**Entries shown**
=== Begin Enclosure ===
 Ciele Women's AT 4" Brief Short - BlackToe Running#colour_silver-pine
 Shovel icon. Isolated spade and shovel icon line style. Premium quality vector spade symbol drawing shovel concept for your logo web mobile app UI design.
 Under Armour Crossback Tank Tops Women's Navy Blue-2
=== End Enclosure ===
=== Begin Enclosure ===
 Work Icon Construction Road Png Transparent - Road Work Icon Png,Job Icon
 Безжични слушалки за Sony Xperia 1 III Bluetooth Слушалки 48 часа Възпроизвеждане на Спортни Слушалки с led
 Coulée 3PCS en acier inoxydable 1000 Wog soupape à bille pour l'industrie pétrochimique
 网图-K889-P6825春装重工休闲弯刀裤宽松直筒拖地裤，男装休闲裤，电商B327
=== End Enclosure ===
**Problem to work on**
Retype only the lines above between the line with "Shovel icon. Isolated" and the line with "Under Armour Crossback", counting those two lines as well, and keep every character as it is.

**Task answer**
 Shovel icon. Isolated spade and shovel icon line style. Premium quality vector spade symbol drawing shovel concept for your logo web mobile app UI design.
 Under Armour Crossback Tank Tops Women's Navy Blue-2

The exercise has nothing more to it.